A neural mechanism mediating the impact of episodic prospection on farsighted decisions

Abstract

Humans can vividly imagine possible future events. This faculty, episodic prospection, allows the simulation of distant outcomes and desires. Here, we provide evidence for the adaptive function of this capacity and elucidate its neuronal basis. Participants either imagined specific events of spending money (e.g., £ 35 in 180 days at a pub), or merely estimated what the money could purchase in the scenario. Imagining the future biased subsequent monetary decisions toward choices associated with a higher long-term pay-off. It thus effectively attenuated temporal discounting, i.e., the propensity to devalue rewards with a delay until delivery. Using functional magnetic resonance imaging, we implicate the medial rostral prefrontal cortex (mrPFC) in this effect. Blood oxygen level-dependent signal in this region predicted future-oriented choices on a trial-by-trial basis. Activation reflected the reward magnitude of imagined episodes, and greater reward sensitivity was related to less discounting. This effect was also associated with increased mrPFC-hippocampal coupling. The data suggest that mrPFC uses information conveyed by the hippocampus to represent the undiscounted utility of envisaged events. The immediate experience of the delayed reward value might then bias toward farsighted decisions.

Figures

Figure 1.

Trial structure. Each trial started with a cue indicating the task (i.e., Imagine, Estimate) and the scenario (e.g., pub). Next, the delayed reward option was presented (e.g., £35 in 180 days). For the following 14 s participants either vividly imagined a specific episode that involved spending the money or estimated what the money would purchase in the scenario. Afterward, they indicated their preference for either the delayed reward option or a smaller fixed amount (£25) that they would receive immediately after the session. Participants then rated (1) their experienced emotional intensity during the task interval and (2) their feeling of vividly experiencing a coherent episode. The trial concluded with the presentation of a fixation cross that remained onscreen until 28.5 s after trial onset.

Figure 2.

Behavioral results. A, Phenomenological ratings for (1) the feeling of experiencing an episode and (2) the emotional intensity while imagining (white) or estimating (gray) (p values from two-tailed paired-samples t tests).

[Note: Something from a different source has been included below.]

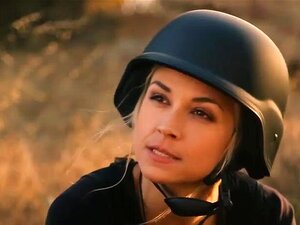 Busty Latina Kartellboss setzt sich auf das Gesicht und spritzt in den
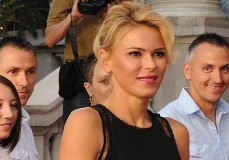 Sanela Jenkins dala 200.000 KM za poplavljena područja u BiH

B, Discounting behavior as quantified by the ratios of (1) the frequency of delayed options chosen versus all options chosen (i.e., delayed plus immediate) (choice index), and (2) the accumulated reward over trials versus the maximal possible reward (reward index) (p values from one-tailed t tests). C, Correlation between the Consideration of Future Consequences scale (CFC) and the ratios of the reward indices for the Imagine versus the Estimate task (p value from two-tailed test). Error bars indicate the SEM.

Figure 3.

Neuroimaging results. A–C, BOLD signal increases for the Imagine versus the Estimate task (A), the parametric modulation by reward magnitude in the Imagine versus Estimate task (B), and the conjunction of both contrasts (C). (For display purposes, the SPM is thresholded at p < 0.001, uncorrected, at least 10 contiguous voxels.) D, E, Parameter estimates, averaged from a 5 mm sphere centered on the peak of the conjunction contrast, for the task effect (D) and the parametric modulation of the Imagine task by reward magnitude (E). Connected blue diamonds indicate the mean-centered natural logarithm of the reward magnitudes. Error bars reflect the SEM.

Figure 4.

Brain–behavior relationships. A, B, Correlations between (1) BOLD signal sensitivity to reward magnitude and (2) the ratios of reward indices in the Imagine versus the Estimate task. C, A PPI analysis revealed stronger coupling between mrPFC and right hippocampus during the Imagine task for those participants who also exhibited a greater effect of episodic prospection on discounting. (For display purposes, the PPI image is thresholded at p < 0.005, uncorrected, at least 5 contiguous voxels.) dTC, Dorsal temporal cortex.

Figure 5.

Subsequent choice analysis. A, B, The only region showing greater BOLD signal during trials of the Imagine task that were followed by choices of the delayed versus immediate option. (For display purposes, the SPM is thresholded at p < 0.001, uncorrected, at least 10 contiguous voxels.) C, Parameter estimates, averaged from a 5 mm sphere centered on the peak of the subsequent choice effect. Error bars indicate the SEM.